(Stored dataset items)
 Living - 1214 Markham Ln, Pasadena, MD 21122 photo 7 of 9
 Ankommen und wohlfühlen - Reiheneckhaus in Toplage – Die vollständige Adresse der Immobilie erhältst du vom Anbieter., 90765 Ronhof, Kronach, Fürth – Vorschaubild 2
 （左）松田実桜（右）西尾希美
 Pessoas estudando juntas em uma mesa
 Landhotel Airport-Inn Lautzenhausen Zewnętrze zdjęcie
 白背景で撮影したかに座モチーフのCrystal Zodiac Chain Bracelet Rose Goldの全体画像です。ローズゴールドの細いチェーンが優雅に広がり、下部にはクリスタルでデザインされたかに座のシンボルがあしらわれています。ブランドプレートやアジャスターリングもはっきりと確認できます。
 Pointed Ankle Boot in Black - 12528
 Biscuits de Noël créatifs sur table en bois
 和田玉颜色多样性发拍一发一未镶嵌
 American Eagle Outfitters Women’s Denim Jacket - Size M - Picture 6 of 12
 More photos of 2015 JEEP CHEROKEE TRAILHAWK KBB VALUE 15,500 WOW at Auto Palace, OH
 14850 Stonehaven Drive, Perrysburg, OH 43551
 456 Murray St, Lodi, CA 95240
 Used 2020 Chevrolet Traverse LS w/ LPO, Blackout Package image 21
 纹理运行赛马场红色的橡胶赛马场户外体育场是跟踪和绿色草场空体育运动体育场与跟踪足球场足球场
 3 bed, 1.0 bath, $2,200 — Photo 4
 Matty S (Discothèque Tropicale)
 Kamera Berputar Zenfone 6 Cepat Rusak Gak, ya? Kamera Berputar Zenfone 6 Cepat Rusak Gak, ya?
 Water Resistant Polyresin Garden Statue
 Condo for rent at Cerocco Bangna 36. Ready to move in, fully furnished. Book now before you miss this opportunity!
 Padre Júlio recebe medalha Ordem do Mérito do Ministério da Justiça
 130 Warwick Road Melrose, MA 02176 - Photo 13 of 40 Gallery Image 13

### [What you are asked to do]
Only the lines from the line with "Used 2020 Chevrolet" to the final line of the entries are to be returned, each exactly as written, both ends included.

### [Result]
 Used 2020 Chevrolet Traverse LS w/ LPO, Blackout Package image 21
 纹理运行赛马场红色的橡胶赛马场户外体育场是跟踪和绿色草场空体育运动体育场与跟踪足球场足球场
 3 bed, 1.0 bath, $2,200 — Photo 4
 Matty S (Discothèque Tropicale)
 Kamera Berputar Zenfone 6 Cepat Rusak Gak, ya? Kamera Berputar Zenfone 6 Cepat Rusak Gak, ya?
 Water Resistant Polyresin Garden Statue
 Condo for rent at Cerocco Bangna 36. Ready to move in, fully furnished. Book now before you miss this opportunity!
 Padre Júlio recebe medalha Ordem do Mérito do Ministério da Justiça
 130 Warwick Road Melrose, MA 02176 - Photo 13 of 40 Gallery Image 13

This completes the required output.